Caulfield, who was an MP for nine years and served as a junior health minister, as well as junior minister for women and a Tory party vice-chair, told GB News: “If you are Conservative right-minded, then the future is Reform. The country is going to change a lot.

“The same people who thought that Brexit would not happen think that Reform will not happen. They are in for a shock.”

She said: “I have joined. My husband joined a few months ago and I joined a month ago.

“I am sad for the Conservative party. I could see that I have not changed but the party has become less and less what I believe in. We let people down over what Brexit meant on laws, money and borders. We took back control but we did not do anything about it.

“Reform is about changing the system – they won’t change unless they do it differently.”

Caulfield said it was possible she could seek to return as an MP with Reform, adding: “I will see what happens.”

While Reform is wary of accepting too many former Conservatives, as it could be portrayed as a retirement home for ejected MPs, Farage’s party is aware it lacks any experience of government, and former ministers would provide this.

Kruger, whose defection was announced at a press conference on Monday, has been appointed Reform’s head of “preparing for government”.
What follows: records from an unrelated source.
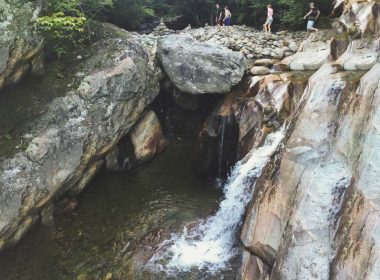 A group of friends walk above the lower Bolten Pothole in the Green Mountain National Forest.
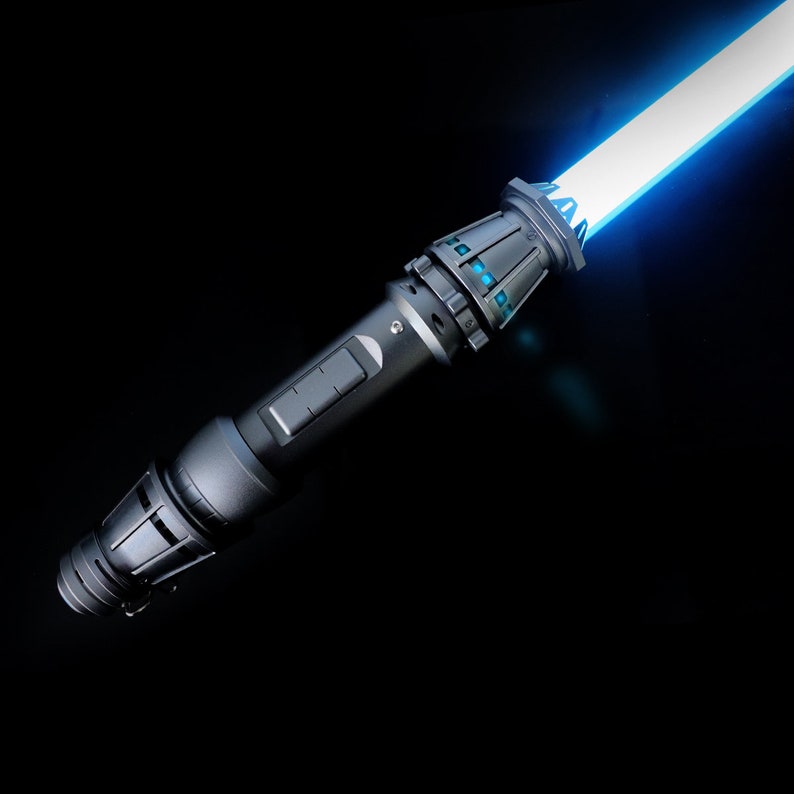 May include: A black lightsaber with a blue blade. The lightsaber has a detailed handle with a silver accent.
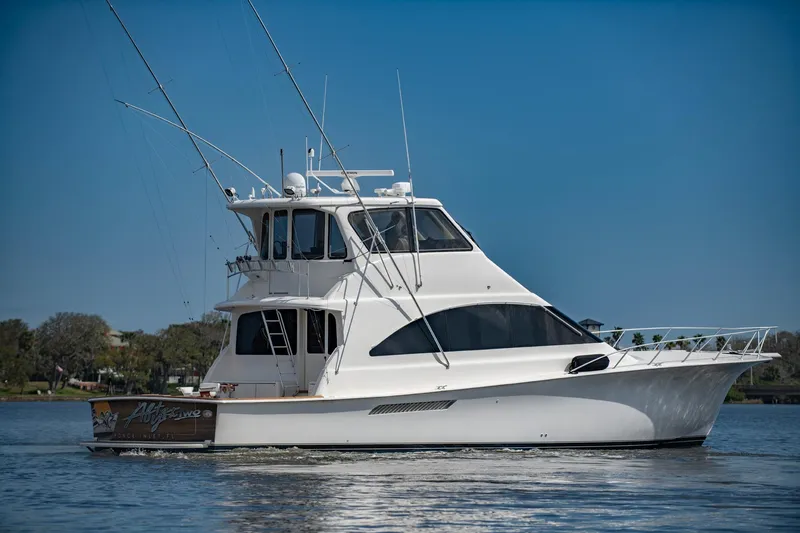 Slide: The Image of 2003 Ocean Yachts 62 Super Sport EB cruising on calm waters under clear blue skies. - 1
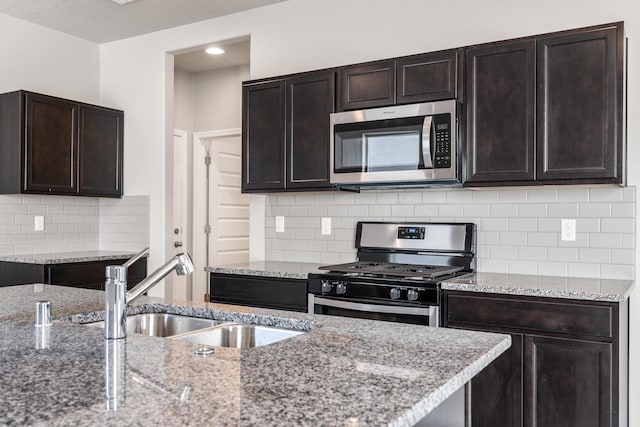 6814 Atherstone Ln NW, Albuquerque, NM 87114 - kitchen featuring stainless steel appliances, a sink, decorative backsplash, light stone counters, and dark brown cabinets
The MP for East Wiltshire, who previously served as political secretary to Boris Johnson, said: “The Conservative party is over. Over as a national party, over as the principal opposition to the left.”
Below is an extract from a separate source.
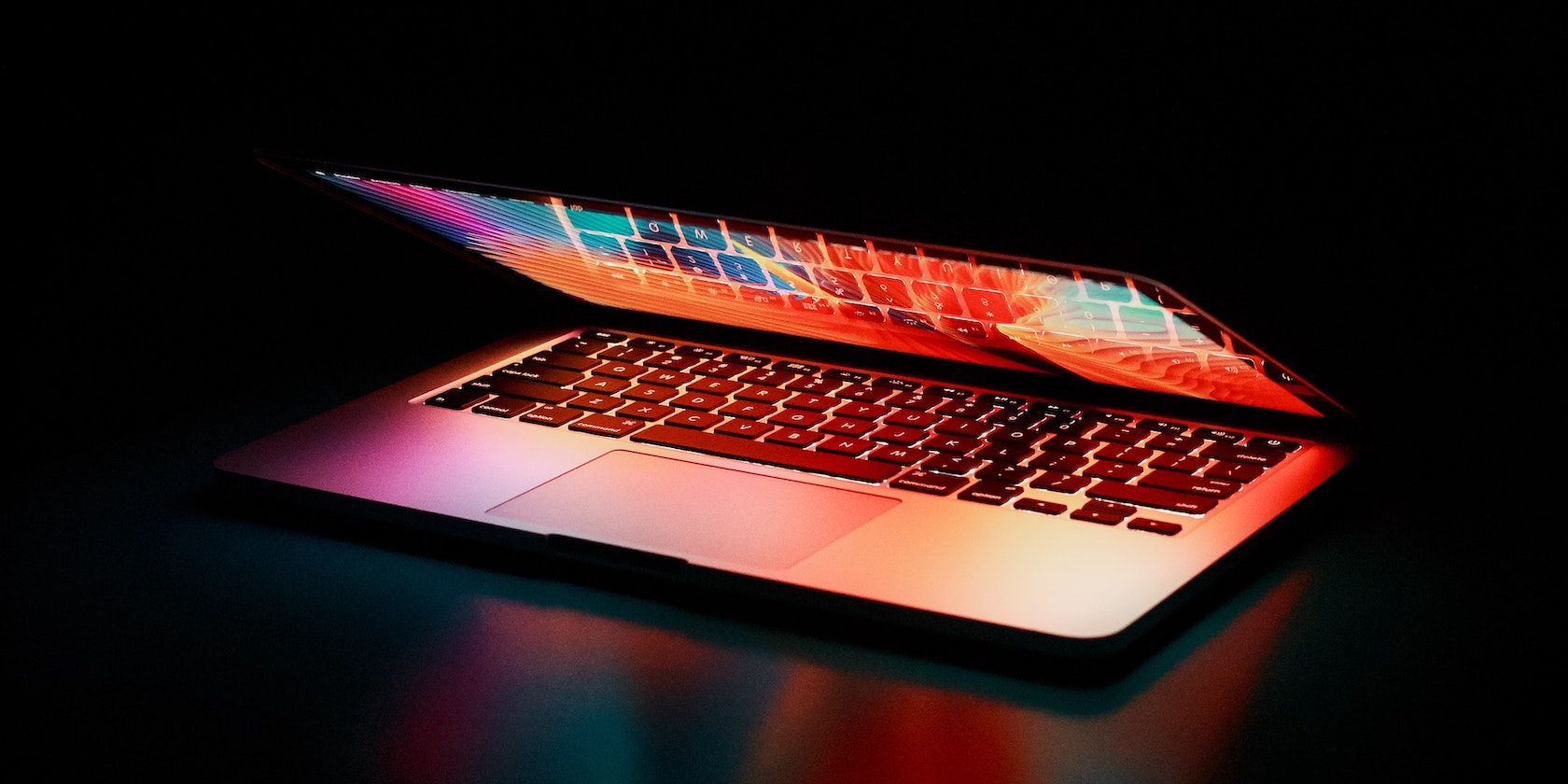 A partially open MacBook sits on a table in the dark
Speaking to GB News about his defection, Kruger was at pains not to criticise Kemi Badenoch, the Conservative leader, saying she had “done an admirable job in very difficult circumstances”.

He said: “On a personal level, I think she’s shown real courage and resilience doing the hardest job in politics. So I’m not going to attack her personally. I think any leader of the opposition would have had a tough time over the last year, but I do disagree with the strategy.

“I think what she and we should have done is a much more bold assertion of Conservative principles and policies over the last year. But here we are. I’m not just rejecting the Conservatives, I’m actually enthusiastically backing Nigel Farage and the Reform party, who I think have shown over the last year, and I hope with my appointment, this is demonstrated too, they have become a real, serious party of opposition.”